If, on the other hand, Intersection is *not* set, the first check *will* be satisfed, because 32 is
part of only the first number checked. So the return will include a 32 [along with, again, all the
other values found by the second check], and Intersection will be *added* into the OSMODE
combination.

Questions arise about (boole) for more than two integers:

Help for (boole) implies at the beginning that you can look at *more than two* integers, but none of
its examples do, its truth table doesn't seem to allow for it, and no examples I found anywhere else
do. I have my suspicions about how that works, but welcome any better information:

(boole 1 a b c d) seems to find bits that are common to all the integers listed, but it's not really
"needed" because it's the equivalent of (logand a b c d):
(boole 1 1 3 5 7 9) returns 1, because that's the one bit value shared by all the numbers; some
other bits are shared by some, but not all, numbers;
(boole 1 3 5 12) returns 0, because while all the numbers share a bit with one of the others, no bit
is common to all.

(boole 2 a b c d) seems to find, as expected, bit values that are in the first integer, but in
*none* of the rest:
(boole 2 6 10 18) returns 4, which is in 6 and not in the others, but the 2 part of the 6 is in both
the others;
(boole 2 6 10 37) returns 0, because the 2 that's part of the 6 is also part of the 10, and the 4 in
it is part of the 37, so both bit values that make up the first number are disqualified. And since
the 37 is the third number, I infer that it is indeed looking at all numbers, not just the first two
as the truth table seems to imply.

(boole 4 a b c d) however, seems *not* to do what I expected, namely look for bits that are in the
last number but none of the others:
(boole 4 9 24 33 6) returns 6 as I expected, because none of the other numbers has the 2 or 4 bit
that make up that 6. That suggests that it is indeed the *last* number it's comparing the others to
[rather than the second, as in two-number comparisons], simply because none of the others can
contribute to that result.
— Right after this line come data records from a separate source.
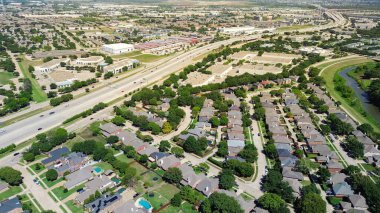 Falsolu Sam Rayburn Tollway, 121 no 'lu karayolu Dallas Fort Worth DFW arazi dolgusu ticari binaların, depo bölgelerinin, evlerin, antenlerin karma kullanım alanı. ABD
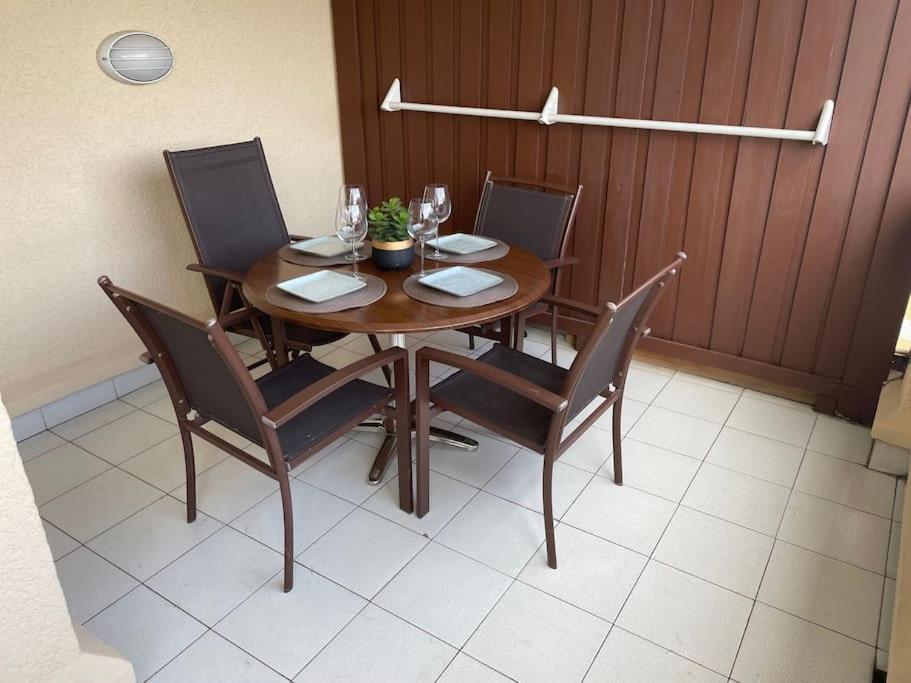 Superbe Appartement Village Cap Esterel 4P Climatise แซ็งต์-ราฟาเอล ภายนอก รูปภาพ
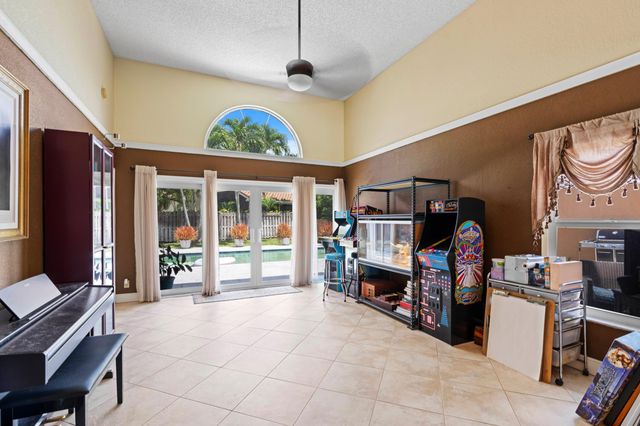 10333 Buena Ventura Drive, Boca Raton, FL 33498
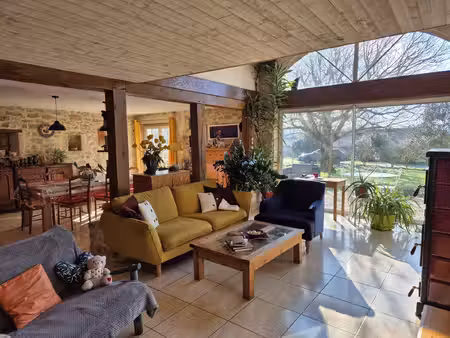 maison en pierre de 186 m2 avec dépendances et parc arboré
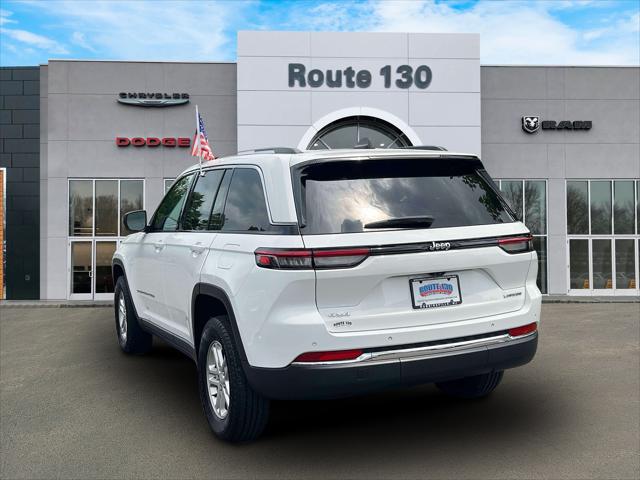 2023 Jeep Grand Cherokee Laredo 4x4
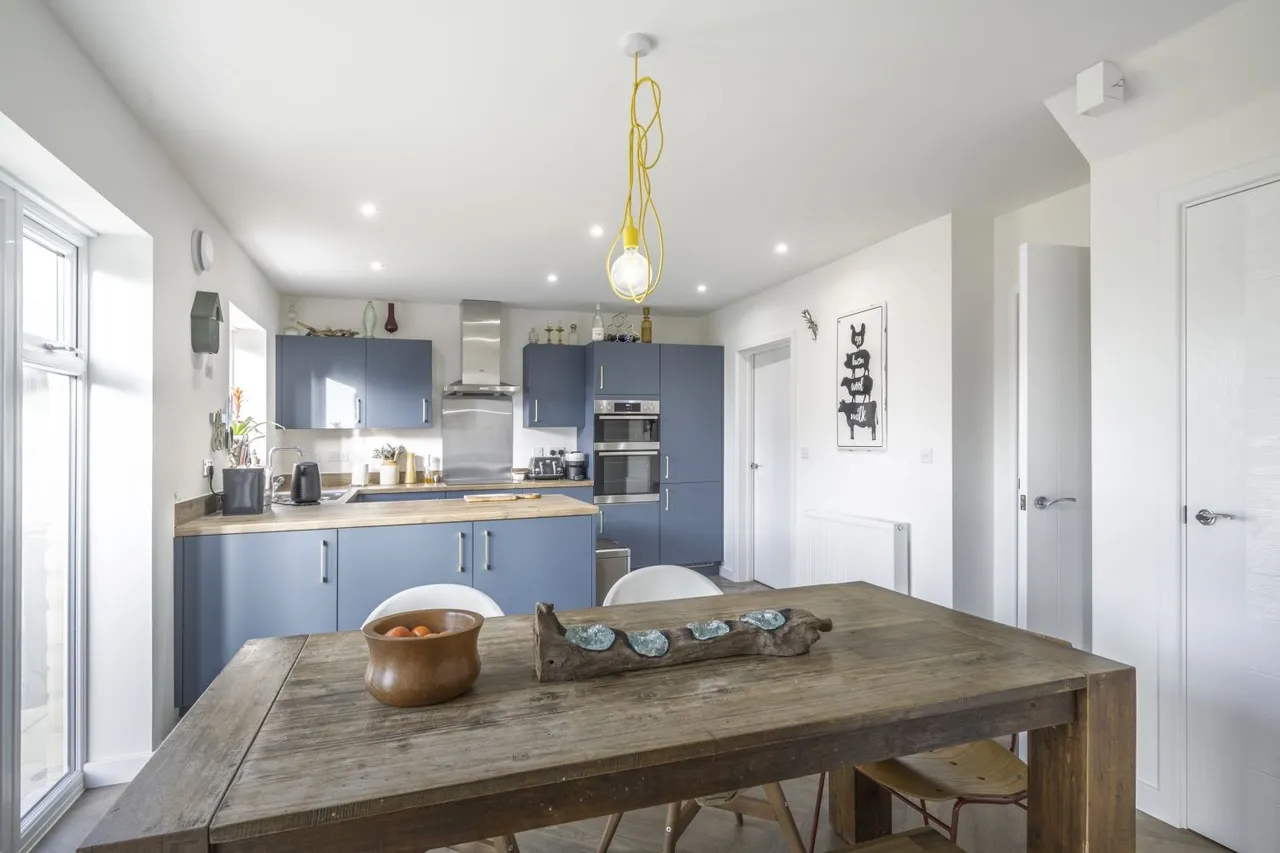 Price Close, Malmesbury, SN16, photo 7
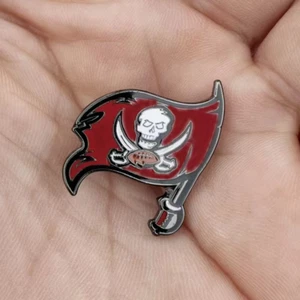 Prendedor con el logotipo del equipo Tampa Bay Buccaneers de la Liga Nacional de Fútbol Americano (NFL) - Imagen 1 de 1
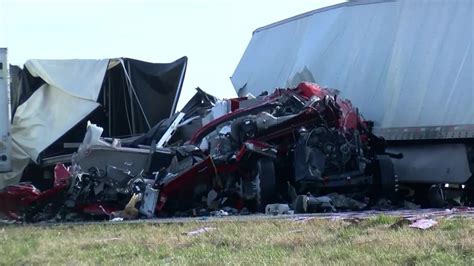 6 Dead In Missouri Interstate Pileup Involving 47 Vehicles Official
But:
(boole 4 15 24 33 6) also returns 6, despite the fact that the 15 contains both the 4 and 2 bit
values. However,
(boole 4 24 33 15 6) returns 0, suggesting that it compares the last number *only to the
next-to-last number,* and ignores the rest. Why this isn't analagous to the way the 2 operator
works, in reverse, I can't guess.

I was hoping that (boole 6 a b c) would function as a more-than-two-number "exclusive or" function,
finding bit values that are part of only one of the integers compared, however many there are. And
sometimes that seems to work, for example:
(boole 6 2 5 12) returns 11 -- 1 is part of only the 5, 2 is part of only the 2, [4 doesn't count
because it's part of both the 5 and the 12,] and 8 is part of only the 12; the result is 1+2+8 = 11.
Also, using (a b c) values involving one 1 and two 0's, in any combination, returns 1 [if any one of
the three includes 1, but not more than one of them, then 1 is part of the returned value], and one
0 and two 1's in any combination returns 0 [not 1, because 1 is part of more than one of the
integers]. But:
(boole 6 2 5 12 37 40) returns 6, which should mean that 2 and 4 are in only one number each. 1 is
in two of them, 2 is part of only the 2 [that's good], 8 is in two of them, 16 isn't in any of them,
and 32 is in two of them. But 4 is a part of the 5 and the 12 and the 37, so it "shouldn't" be part
of the returned value. If anyone knows anything about the "thought process" here, I'd appreciate
hearing about it.

An interesting thing happens with (boole 8), which Help does not use in any examples. If it's
looking for bit values that are not part of either integer (or any of them, if more than two are
compared), in theory it *could* accept all bit values higher than the highest integer, off to
infinity! But it doesn't do that. In two-number comparisons, it seems to find bits that are not
part of either number, and add them up [so far so good], then *subtract* the next bit-value beyond
the highest integer, and not look any further:
(boole 8 5 9) returns -14; 1, 4 and 8 are disqualified because they're part of at least one of the
integers, but 2 isn't, so it qualifies; 16 is the next bit value above 9; 2-16 = -14.
I haven't been able to find any pattern to suggest how it reaches a result from comparing more than
two numbers this way. But all the ones I've tried are positive, rather than negative as in
two-integer comparisons. Any ideas?

--
Kent Cooper